## [Assignment]
Before you reproduce the entries that follow, strip out any image they contain and keep the rest exact.

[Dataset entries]

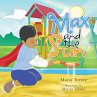 Max and the Sun (eBook, ePUB) - Bild 1
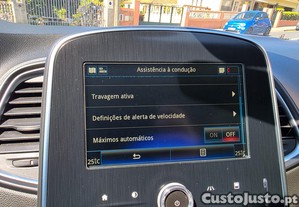 imagem_19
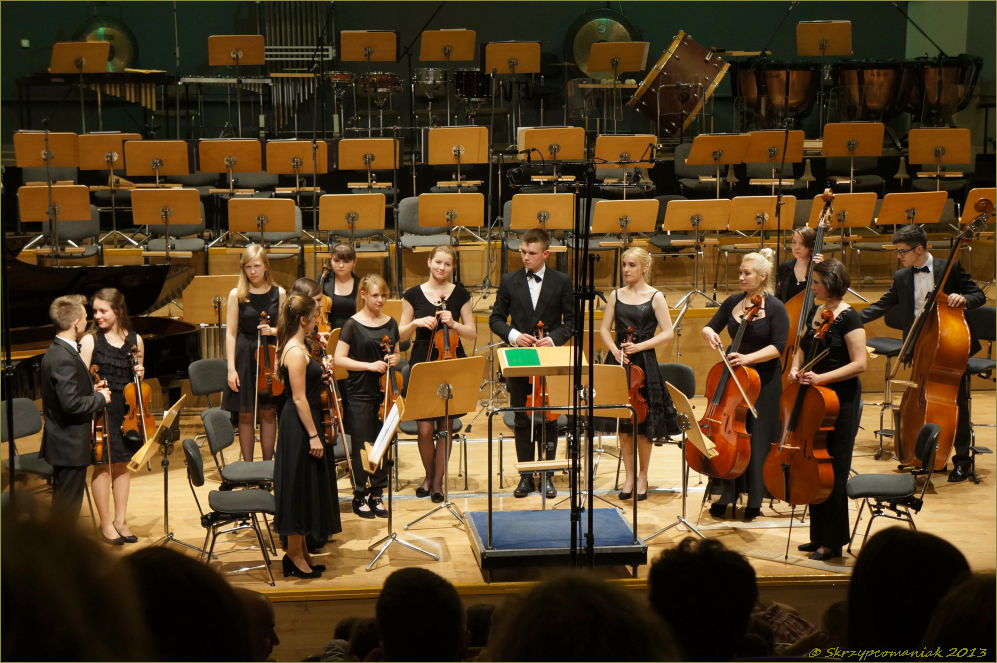 Trwa �adowanie zdj�cia...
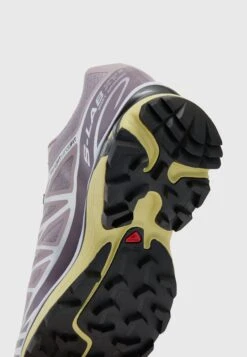 Salomon Xt-6 - Sneakers Laag - Quail/Moonscape 14 Salomon Xt-6 - Sneakers Laag - Quail/Moonscape -Dames Kledings Winkel 095d8ac27a57422d9d30203d36aa8b48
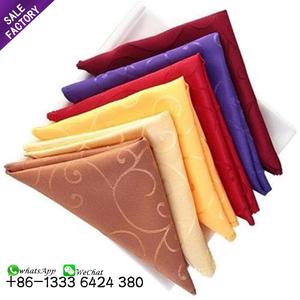 100% Linen Rust Napkin Hemstitched Stone Washed <b>Placemats</b> Cocktail Wedding Party Linen Napkins - Product Image 5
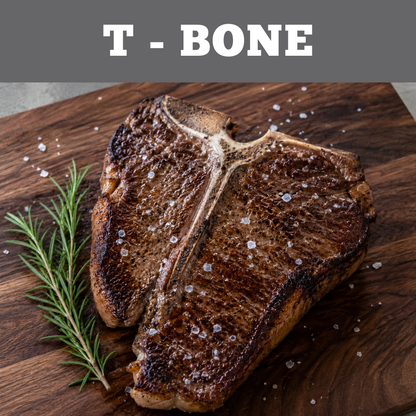 T-Bone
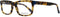 Men'Spectacle frame Gant GA3158-053-52 (ø 52 mm) Brown (ø 52 mm)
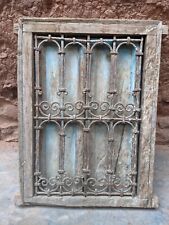Salvaged vintage moroccan for sale  Shipping to Ireland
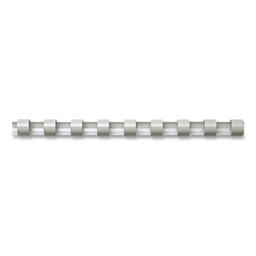 Product thumb gallery 2635049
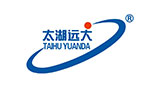知名展商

## [Response to the exercise]
 Max and the Sun (eBook, ePUB) - Bild 1
 imagem_19
 Trwa �adowanie zdj�cia...
 Salomon Xt-6 - Sneakers Laag - Quail/Moonscape 14 Salomon Xt-6 - Sneakers Laag - Quail/Moonscape -Dames Kledings Winkel 095d8ac27a57422d9d30203d36aa8b48
 100% Linen Rust Napkin Hemstitched Stone Washed <b>Placemats</b> Cocktail Wedding Party Linen Napkins - Product Image 5
 T-Bone
 Men'Spectacle frame Gant GA3158-053-52 (ø 52 mm) Brown (ø 52 mm)
Salvaged vintage moroccan for sale  Shipping to Ireland
 Product thumb gallery 2635049
知名展商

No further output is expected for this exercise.